La tesi che il nonno non ha potuto fare appartiene a data lontana ma già allora molti prendevano sul serio il "non uccidere". Cesare Beccaria aveva detto, e nel 1764 (Dei delitti e delle pene), molte delle cose che il Catechismo arriva a dire soltanto in questi ultimissimi anni. E gli stessi cristiani avevano già preso la loro netta distanza da ogni uccisione compresa quella "legale": Tertulliano, Lattanzio, Minucio Felice, i Canoni di Ippolito, il concilio di Elvira sono dei "padri precursori". Anche se dimenticati. Anche se tutti al di là del IV-V secolo, prima che il cristianesimo, ormai religione statale, adottasse la posizione statale, riservandosi inizialmente di cercare di mitigare la severità delle pena ("La vostra severità è utile perché assicura la nostra tranquillità, la nostra intercessione è utile perché tempera la vostra severità" S. Agostino, Ep. l53) e in seguito, soprattutto in vista dell’eresia e della
magia, rinunciando anche a questo intervento mitigante (" Se un uomo è pericoloso alla comunità e la corrompe a causa di un qualche peccato, lodevolmente e giustamente lo si uccide per preservare il bene comune". S. Tommaso d’Aquino, Summa Theologica, II-II,64,2).
E’ giusto contestualizzare. Oggi diverse teologie si pregiano proprio di essere in contesto o contestuali. Però contestuali nel senso di rimanere radicate nelle diverse realtà storiche e, in esse, esercitare la libertà di collocarsi dalla parte di tutti i diritti conculcati e di ogni giustizia che non sia vendetta ed omicidio.

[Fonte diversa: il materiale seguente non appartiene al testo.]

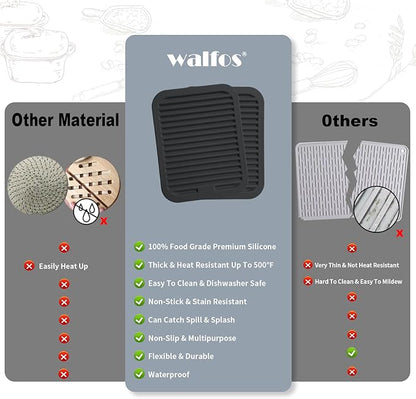 Walfos Silicone Trivets for Hot Pots and Pans - Image 5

Uno smettere di giocare con i principi e le idee che sono insieme estranee alla storia e in facile combutta con la storie sbagliate proprio perché teorizzano poteri divini che diventano poteri umani, legittimati di tutto, anche di uccidere. Si potrebbe dire: teologia contestuale perché la teologia non sia succube dei contesti storico- sociali e culturali nocivi al rispetto di ogni uomo e donna: buoni o cattivi, giusti o ingiusti; il Dio di Gesù di Nazareth manda sole e pioggia sugli uni e sugli altri (Mt 5,45).